Kein Erbarmen
Und jetzt halt dich fest: Er ist nicht aufgrund der Folterungen gestorben, jedenfalls nicht ursächlich, er hat ganz einfach einen hypoglykämischen Schock gehabt.«
Tabori zog die Augenbrauen zusammen. Er kannte den Begriff, brauchte aber einen Moment, um ihn einzuordnen. Gleichzeitig erinnerte er sich an den vagen Geruch nach Alkohol, den er bei dem Leichnam bemerkt hatte.

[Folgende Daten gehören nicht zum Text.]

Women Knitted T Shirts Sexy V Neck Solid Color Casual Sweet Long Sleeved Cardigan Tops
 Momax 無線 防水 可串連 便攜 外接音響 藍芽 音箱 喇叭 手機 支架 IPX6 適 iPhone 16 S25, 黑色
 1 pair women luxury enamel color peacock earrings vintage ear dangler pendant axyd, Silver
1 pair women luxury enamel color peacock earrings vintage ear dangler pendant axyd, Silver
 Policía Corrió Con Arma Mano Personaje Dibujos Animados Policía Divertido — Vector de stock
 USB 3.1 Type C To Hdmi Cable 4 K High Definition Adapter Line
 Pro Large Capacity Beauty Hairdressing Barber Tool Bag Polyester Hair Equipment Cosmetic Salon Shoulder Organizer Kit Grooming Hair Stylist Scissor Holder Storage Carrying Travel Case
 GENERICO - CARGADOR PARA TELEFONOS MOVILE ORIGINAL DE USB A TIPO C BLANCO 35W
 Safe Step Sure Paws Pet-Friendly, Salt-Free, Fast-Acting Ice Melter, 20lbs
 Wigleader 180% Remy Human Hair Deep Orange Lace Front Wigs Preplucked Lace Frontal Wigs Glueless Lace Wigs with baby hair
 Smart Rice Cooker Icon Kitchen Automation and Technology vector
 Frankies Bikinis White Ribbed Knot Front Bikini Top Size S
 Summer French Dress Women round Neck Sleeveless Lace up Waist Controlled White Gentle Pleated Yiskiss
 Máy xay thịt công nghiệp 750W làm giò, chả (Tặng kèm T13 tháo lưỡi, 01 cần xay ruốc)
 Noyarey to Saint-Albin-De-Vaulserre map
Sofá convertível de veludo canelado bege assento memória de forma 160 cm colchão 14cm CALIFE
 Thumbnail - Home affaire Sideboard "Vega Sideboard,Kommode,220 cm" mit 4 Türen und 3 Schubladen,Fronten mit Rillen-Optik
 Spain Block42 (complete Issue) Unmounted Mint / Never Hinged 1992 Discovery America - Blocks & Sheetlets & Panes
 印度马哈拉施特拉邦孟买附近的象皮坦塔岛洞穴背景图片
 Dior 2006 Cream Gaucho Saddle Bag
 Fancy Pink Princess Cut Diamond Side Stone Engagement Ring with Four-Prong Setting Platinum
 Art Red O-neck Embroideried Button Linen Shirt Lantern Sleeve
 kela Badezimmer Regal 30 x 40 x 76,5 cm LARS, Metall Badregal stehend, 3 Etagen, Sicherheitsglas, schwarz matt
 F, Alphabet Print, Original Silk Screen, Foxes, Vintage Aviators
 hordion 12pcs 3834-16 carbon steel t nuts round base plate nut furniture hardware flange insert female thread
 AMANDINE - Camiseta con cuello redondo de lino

»Respekt war zuckerkrank?«
Lepcke nickte.
»Hypoglykämischer Schock«, wiederholte er, »Zuckerschock. Schwere Unterzuckerung«, las er aus seinen Notizen ab, »oft wegen ausgefallener Mahlzeiten oder außergewöhnlich langer und extremer körperlicher Anstrengung. Es kommt zu übermäßiger Insulinzufuhr, in Folge davon dann Herzrasen, Schwindel, Übelkeit mit Erbrechen, möglicherweise auch Heißhunger oder Durst. Traubenzucker kann helfen,wenn der Patient noch rechtzeitig reagieren kann, sonst tritt schnell Bewusstlosigkeit ein, die – wie in unserem Fall – zum Tode führen kann.«
Er blickte auf.
»Wer immer ihn also gefoltert hat, hat seinen Tod nicht unbedingt beabsichtigt.«
»Das ist interessant, hilft uns aber im Moment nicht weiter, oder? Es ändert nichts daran, dass er gefoltert worden ist.«
»Wir sind noch nicht fertig«, sagte Lepcke. Er nickte Ulrike zu. »Du bist dran.«
»Ich hab mal ein bisschen im Netz rumgesucht, ob ich irgendwas über Respekt finde. Heute glaubt ja jeder, dass er sich im Netz ausbreiten muss, und Respekt war da keine Ausnahme. Ich habe ihn bei Facebook gefunden, er verbreitet sich da sehr ausführlich über spezielle Methoden bei der Hundeausbildung, aber wirklich interessant ist eigentlich das hier …« Ulrike hielt Tabori eine kopierte Liste hin und tippte mit dem Finger auf eine lange Reihe von Begriffen und Namen, die in der Rubrik »Gefällt mir« standen. »Hier, die dritte Zeile, gleich am Anfang, siehst du?«
»Beiß nie die Hand, die dich füttert«, las Tabori halblaut vor. »Was ist das, worum geht es da?«
»Eine Facebook-Gruppe, die ihm gefällt. Jeder kann eine solche Gruppe aufmachen und reinstellen. Und wenn du auch bei Facebook bist, kannst du das als ›gefällt mir‹ anklicken …«
»Ich weiß, das kenne ich. Und, hast du …«
»Natürlich.«
Ulrike zeigte Tabori einen weiteren Ausdruck.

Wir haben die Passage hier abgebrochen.